§ What the task requires: Every line from the start of the data through the line containing "Primera Equipacion del" should be retyped exactly; the pictures should not.

■ ■ ■ ■

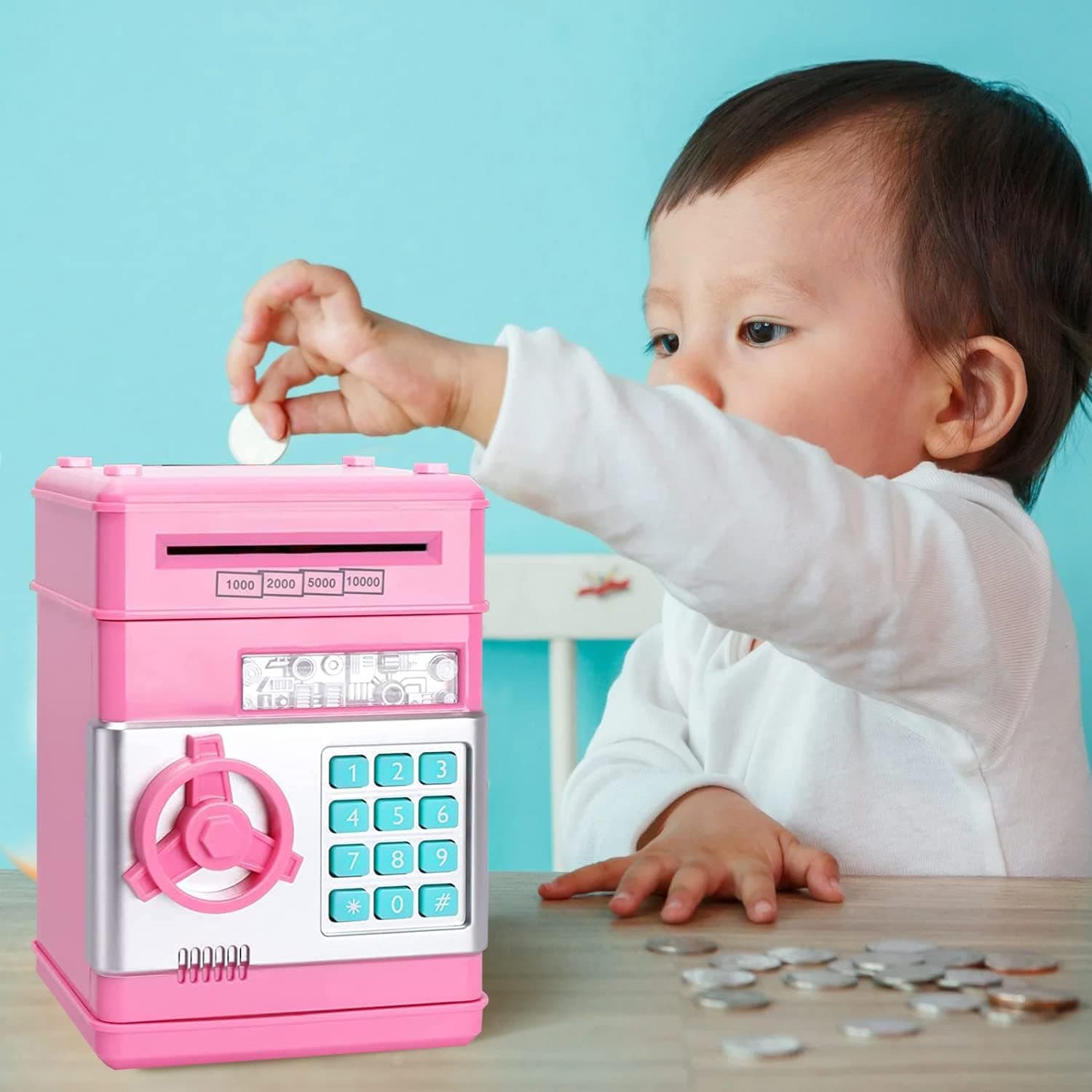Mini ATM Piggy Bank for Kids Password Coin & Cash Saving Box Toy view 3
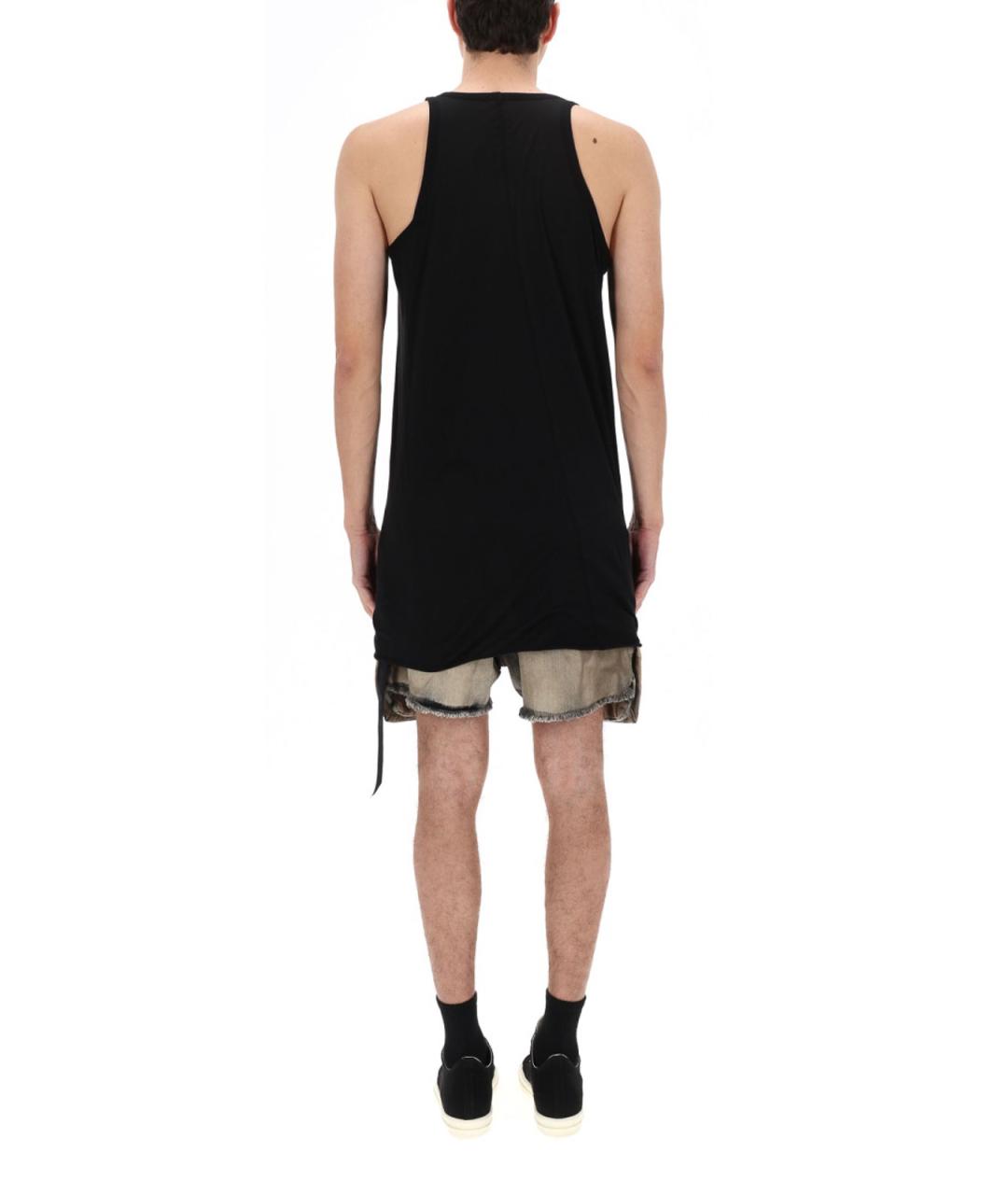 RICK OWENS Черная хлопковая майка, фото 5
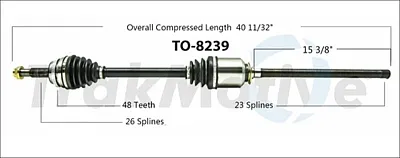 TRAKMOTIVE TO8239 New Cv Axle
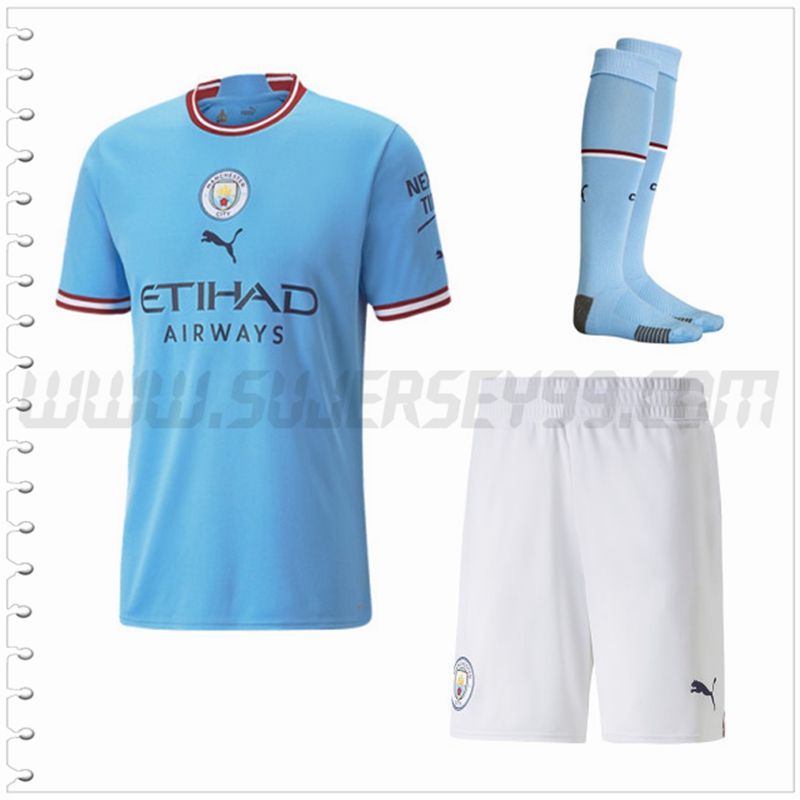 Primera Equipacion del Manchester City (Pantalones + Calcetines) 2022 2023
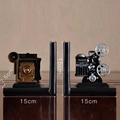 Vintage style camera and movie projector bookends in black and bronze wood finish - Retro Camera & Projector Bookends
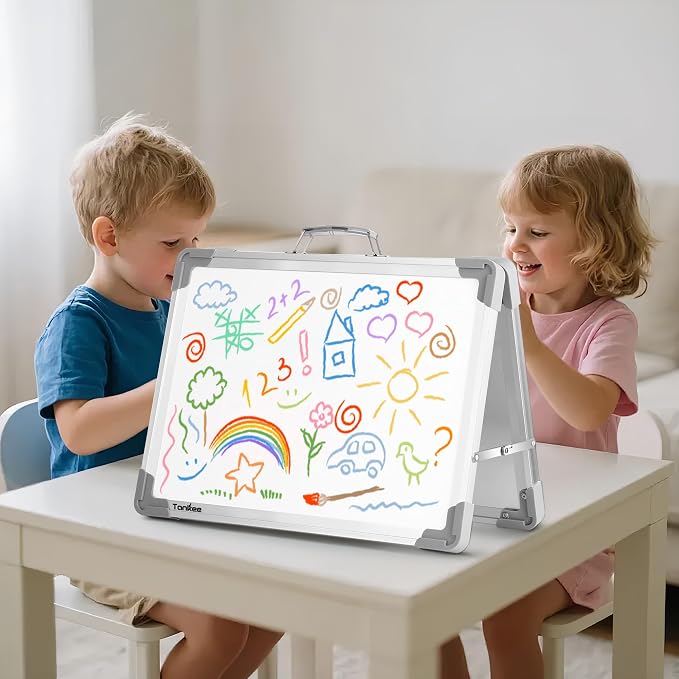 TANKEE Whiteboard 18x24 Inches Double Sided Magnetic Dry Erase Board with Stand, Foldable Desktop Tabletop White Board Easel Portable Whiteboard for Classroom Homeschooling Home Office School Teacher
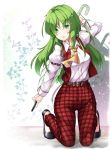  1girl aka_tawashi arm_up ascot belt black_footwear breasts commentary_request eyebrows_visible_through_hair green_eyes green_hair highres holding holding_umbrella juliet_sleeves kazami_yuuka kazami_yuuka_(pc-98) kneeling long_hair long_sleeves looking_at_viewer medium_breasts pants parted_lips plaid plaid_pants plaid_vest puffy_sleeves red_pants red_vest shirt solo touhou touhou_(pc-98) umbrella vest white_background white_shirt yellow_neckwear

■ ■ ■ ■

§ Solved exercise:
Mini ATM Piggy Bank for Kids Password Coin & Cash Saving Box Toy view 3
 RICK OWENS Черная хлопковая майка, фото 5
 TRAKMOTIVE TO8239 New Cv Axle
 Primera Equipacion del Manchester City (Pantalones + Calcetines) 2022 2023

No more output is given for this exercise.